(OAKLAND, Calif.) — The Oakland, California, police department asks officer applicants if they’ve ever been sexually assaulted, which appears to be a rare and potentially problematic question, a newspaper reported Sunday.
The San Francisco Chronicle queried police in the state’s 10 most populous cities and could not find another instance of screening for sexual assault victims.
Legal experts told the newspaper the inquiry is odd and potentially problematic, but there is disagreement over whether it’s illegal.
Oakland police officials said a candidate would not be denied a position for being a sexual assault victim. Officials said they want the information so they can review police reports in which applicants may appear.
The release form has been in use since at least 2011, well before the #MeToo revolution that started a year ago with accusations against film producer Harvey Weinstein.
The question comes up when recruits sign and get notarized a form that allows the Police Department to conduct a background check on them to determine suitability.
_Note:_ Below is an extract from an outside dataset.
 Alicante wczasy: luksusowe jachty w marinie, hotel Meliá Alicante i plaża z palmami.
The form authorizes, for example, the release of educational transcripts, credit history and local criminal history information, “including if I have been a victim of sexual assault.”
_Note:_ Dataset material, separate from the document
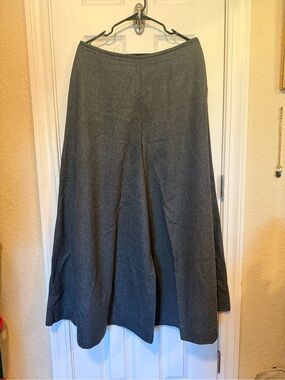Vintage Extremely Wide Leg Wool Trousers in Charcoal Gray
Oakland Police Officer Marco Marquez said the department’s background investigators are “interested in every police report that an applicant might appear in,” including whether the person was a suspect, witness or victim.
But questions about an applicant being a witness or suspect are not asked, the newspaper said.
The Oakland application practice is “inexcusable,” said retired Portland, Oregon, Police Chief Penny Harrington, the first woman to lead a major city police force.
“There’s absolutely no reason to be doing that,” said Harrington, who founded the National Center for Women and Policing. “I can’t imagine why they would need to know that information, except as a way to wash out women.”
Professor Joan Williams, an expert on employment law and sex discrimination at the University of California, Hastings College of the Law, called the disclosure requirement “clearly illegal.”
“The stereotype is that women who have been sexually assaulted turn into raging ids and tear machines and could never be objective again,” she said.
Deborah Rhode, a Stanford Law School professor who studies equal protection and sex discrimination, disagrees that the question is illegal, saying it’s posed to men and women.
But she too finds the disclosure request puzzling.
“I don’t know if the assumption is that someone who’s been a victim can’t be objective,” she said.
The newspaper reported that representatives of police departments in San Francisco, San Jose, Sacramento, Los Angeles, Bakersfield, Anaheim and Santa Ana said they do not ask applicants to disclose whether they are sexual assault victims.
Representatives for Oakland Mayor Libby Schaaf and Oakland Police Department did not immediately respond to AP’s request for comment on Sunday.